New way of taxing drivers needed as UK transitions to electric
A report from the Institute of Fiscal Studies (IFS) has said that as the government reaches its aim of zero net emissions by 2050, revenue from fuel duties will completely disappear over the next few decades.
The IFS argues that taxes on motoring goes towards improving congestion, greenhouse gas emissions, local air pollution, noise, accidents and damage to infrastructure.
The report says the government needs to design new taxes which can gradually replace fuel duties. These should reflect on distance driven, and ideally vary according to when and where journeys take place. Those driving in busy places would pay more, but the majority of journeys would be taxed less heavily.
The report also finds that the only justification for retaining the annual vehicle excise duty (VED) on car ownership is if the government rules out using fuel duties to raise revenue in its place.
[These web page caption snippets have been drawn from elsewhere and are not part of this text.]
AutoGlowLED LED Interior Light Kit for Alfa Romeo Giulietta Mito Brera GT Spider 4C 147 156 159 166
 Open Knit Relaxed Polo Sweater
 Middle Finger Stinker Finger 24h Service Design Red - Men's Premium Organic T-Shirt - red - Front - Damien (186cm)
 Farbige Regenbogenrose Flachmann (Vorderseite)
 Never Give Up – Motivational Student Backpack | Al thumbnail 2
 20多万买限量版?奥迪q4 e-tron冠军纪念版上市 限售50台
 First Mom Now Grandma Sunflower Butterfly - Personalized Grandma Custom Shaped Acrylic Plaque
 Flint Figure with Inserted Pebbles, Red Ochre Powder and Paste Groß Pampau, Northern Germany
Similarly, company car tax should not be linked to emissions if the government can set fuel taxes and the VED ‘showroom tax’ appropriately.
Rebekah Stroud, co-author of the report and a Research Economist at the IFS, said: “Cuts to fuel duties over the last two decades have contributed towards revenues’ being £19 billion a year lower than they would have been. Another 2p cut, as reportedly mooted by the Prime Minister, would cost a further £1 billion a year. The bigger challenge is that revenues are now set to disappear entirely over coming decades as we transition to electric cars. The government should set out its long-term plan for taxing driving, before it finds itself with virtually no revenues from driving and no way to correct for the costs – most importantly congestion – that driving imposes on others.”